Nuestra Madre Santa María no se distinguió por hechos prodigiosos; no conocemos por el Evangelio que haya obrado milagros mientras estuvo en la tierra; pocas, muy pocas, son las palabras que de Ella nos ha conservado el texto inspirado. Su vida de cara a los demás fue la de una mujer corriente, que ha de sacar adelante su familia. Sin embargo, se ha cumplido puntualmente esta maravillosa profecía. ¿Quién podría contar las alabanzas, las invocaciones, los santuarios en su honor, las ofrendas, las devociones marianas...? A lo largo de veinte siglos la han llamado bienaventurada personas de todo género y condición: intelectuales y gente que no sabe leer, reyes, guerreros, artesanos, hombres y mujeres, personas de edad avanzada y niños que comienzan a balbucear... Nosotros estamos cumpliendo ahora aquella profecía. Dios te salve, María, llena eres de gracia..., bendita tú eres entre todas las mujeres..., le decimos en la intimidad de nuestro corazón.

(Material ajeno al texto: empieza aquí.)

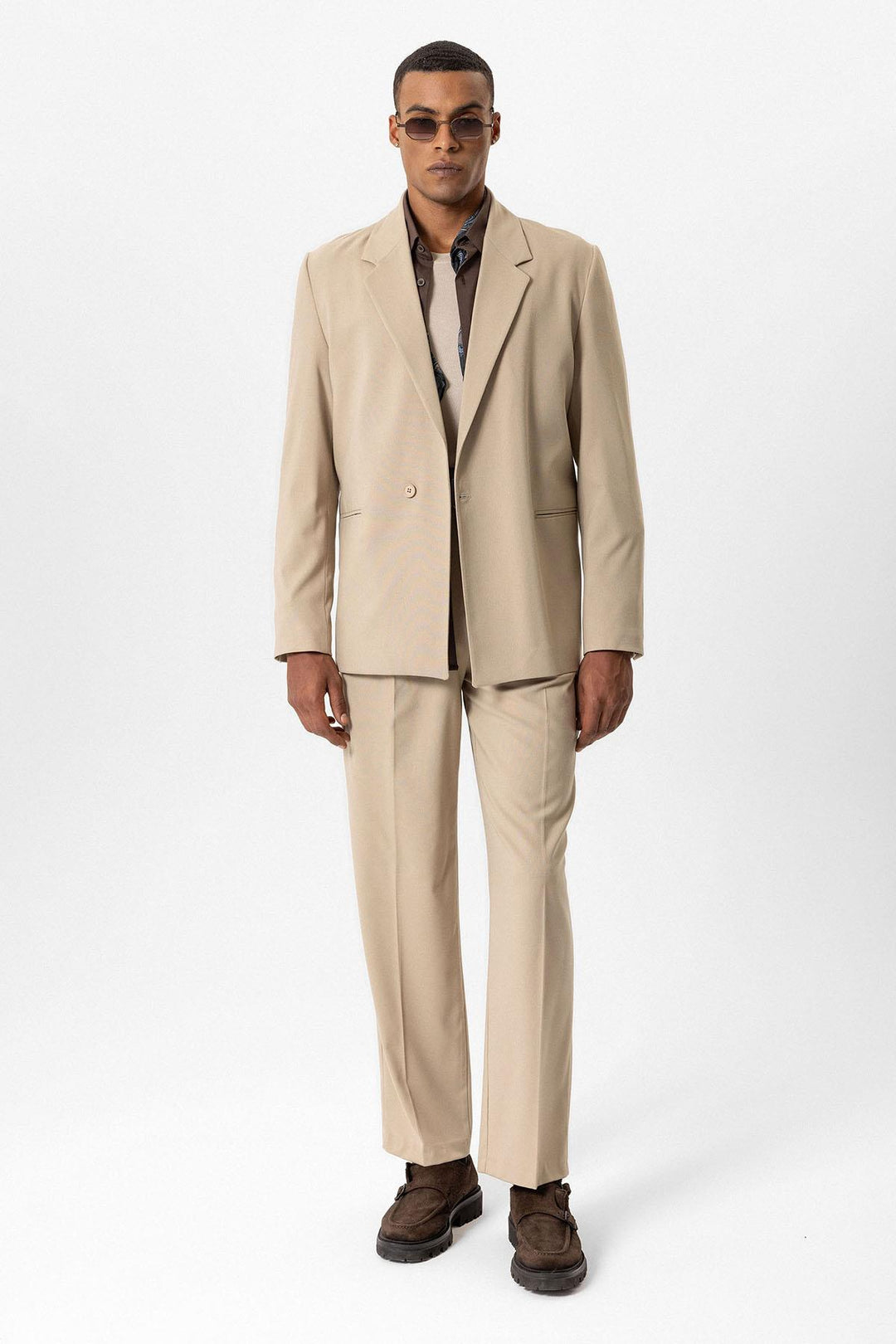 Beige Giacca Blazer Relaxed a Unico Bottone per Uomo - Wessi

De modo particular la hemos invocado a lo largo de este mes de mayo, «pero el mes de mayo no puede terminar; debe continuar en nuestra vida, porque la veneración, el amor, la devoción a la Virgen no pueden desaparecer de nuestro corazón, más aún, deben crecer y manifestarse en un testimonio de vida cristiana, modelada según el ejemplo de María, el nombre de la hermosa flor que siempre invoco // mañana y tarde, como canta Dante Alighieri (Paradiso 23, 88)». Tratando a María, descubrimos a Jesús. «¡Cómo sería la mirada alegre de Jesús!: la misma que brillaría en los ojos de su Madre, que no puede contener su alegría -"Magnificat anima mea Dominum!" -y su alma glorifica al Señor, desde que lo lleva dentro de sí y a su lado.
»¡Oh, Madre!: que sea la nuestra, como la tuya, la alegría de estar con Él y de tenerlo».
Textos basados en ideas de Hablar con Dios de F. Fernández Carvajal.